Exfiltrés vers Luanda en mai dernier, pour des raisons prétendument « humanitaires et médicales », les Bongo ont brisé le silence.
Leur avocat, Me Pierre-Olivier Sur, est catégorique : « L’ex-Première Dame et son fils ne se rendront pas au Gabon pour leur procès. » rapporte la presse.
Leur refus de comparaître sanctionne ce qu’ils qualifient de « procès spectacle » et de « cabale politique », dénonçant des sévices et tortures subis en détention. De fait, le dossier judiciaire est fragile : malgré des accusations grandioses (détournement, haute trahison), aucune preuve tangible n’a été présentée publiquement.
Le plus troublant reste leur libération et exfiltration, survenue à la veille d’un procès présenté comme exemplaire. Comment un État peut-il laisser filer ses principaux accusés sans conséquences politiques ou judiciaires ? Cette légèreté confine à la complaisance, voire à la manipulation.
Le risque est désormais que ce procès, s’il se tient, ne soit qu’une mascarade sans les principaux intéressés.

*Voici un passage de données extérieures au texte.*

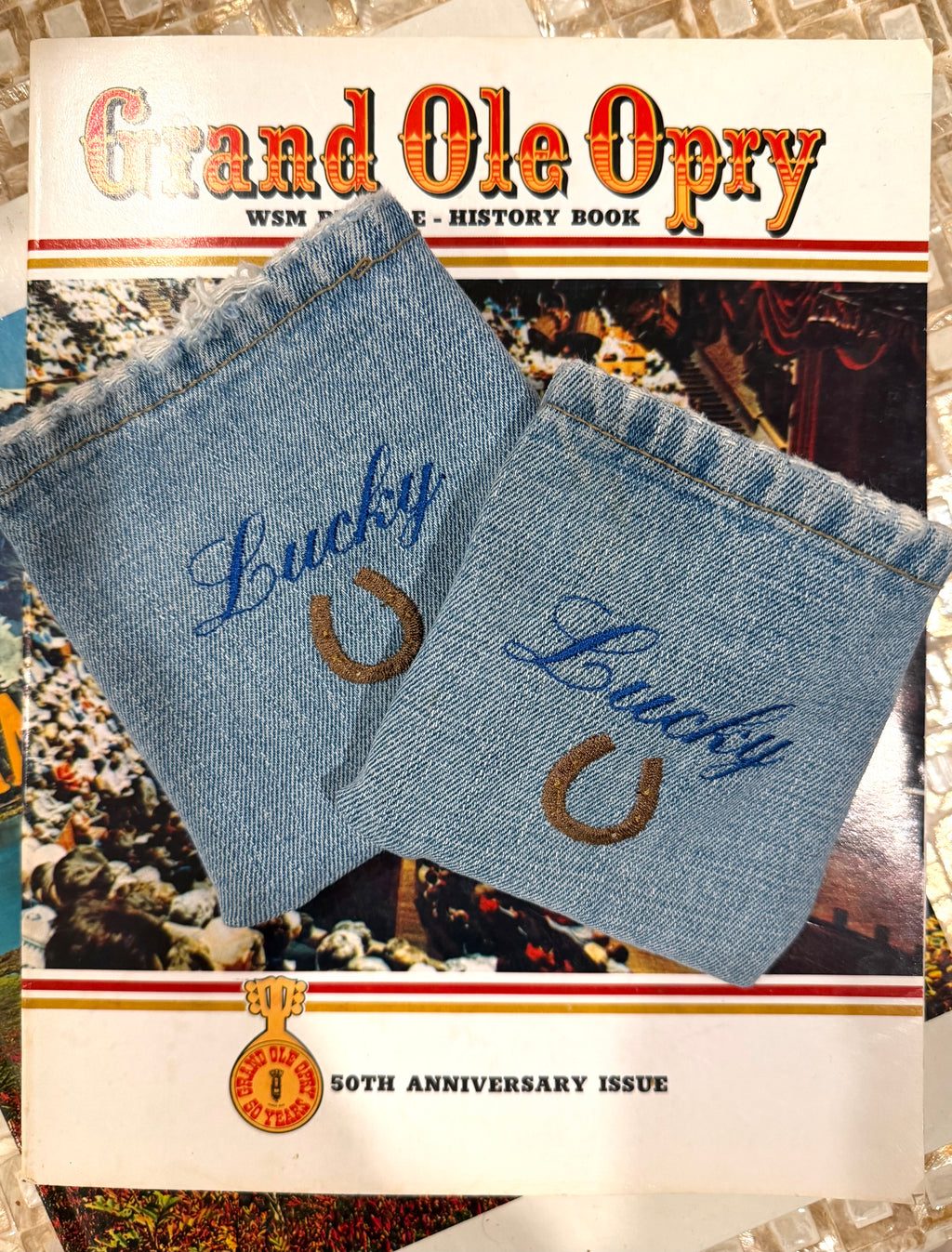 Lucky Reworked Denim Coin Pouch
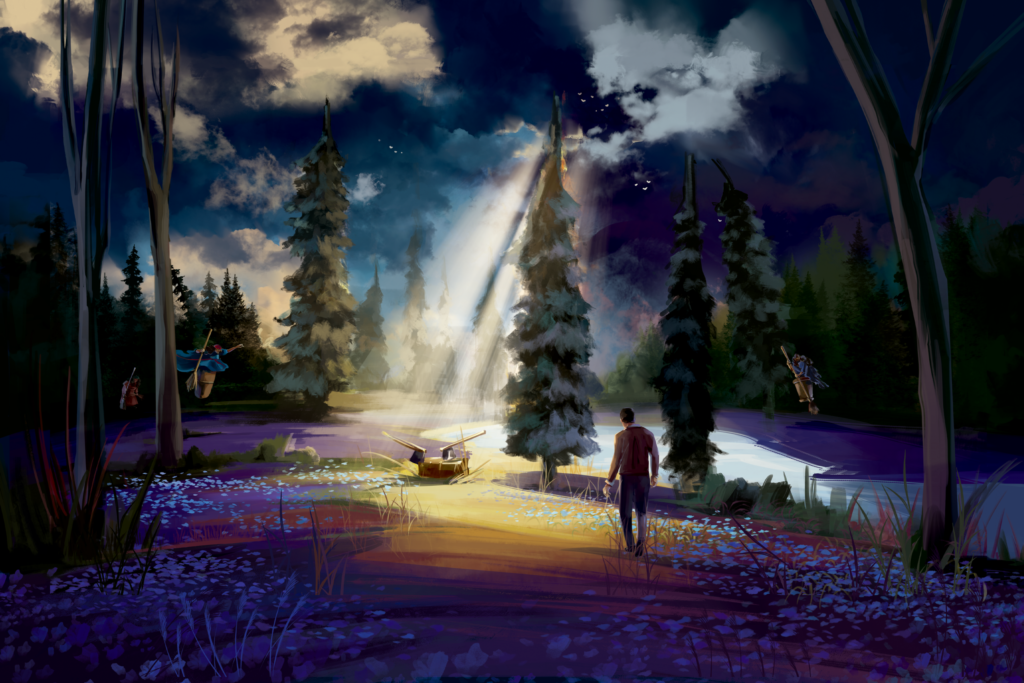 Yellow flames into my dream - Vladimir Vystosky — Melodynk Art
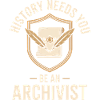 Archivist Crest with Quill Badge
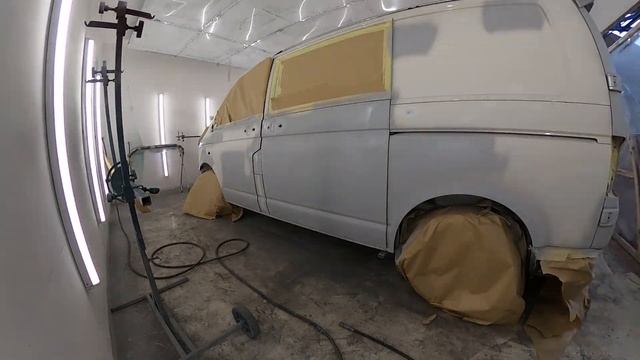 THE SMURF'S T5 - Two Tone Full Respray and Exterior Upgrades on VW Transporter смотреть онлайн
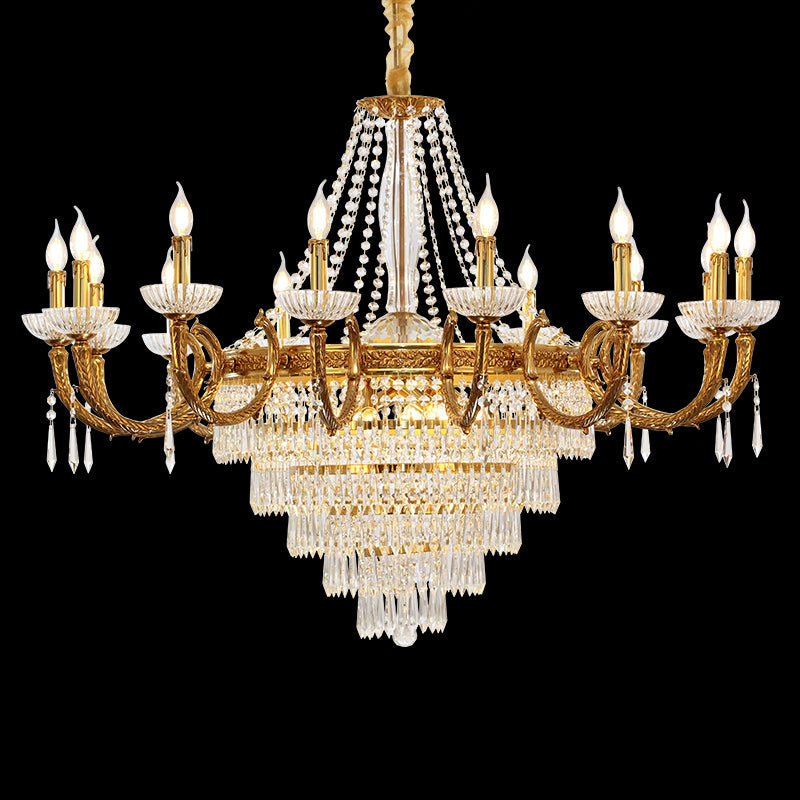 Crystal Drop Chandelier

Ce procès avorté met en lumière la faillite d’un appareil judiciaire toujours subordonné à l’Exécutif. Loin de la « rupture » promise, le nouveau régime reproduit les réflexes du passé, réduisant la justice à un simple outil de communication politique.
Le Gabon n’assistera pas à l’émergence d’un État de droit, mais à la prolongation d’un théâtre où le scénario reste inchangé.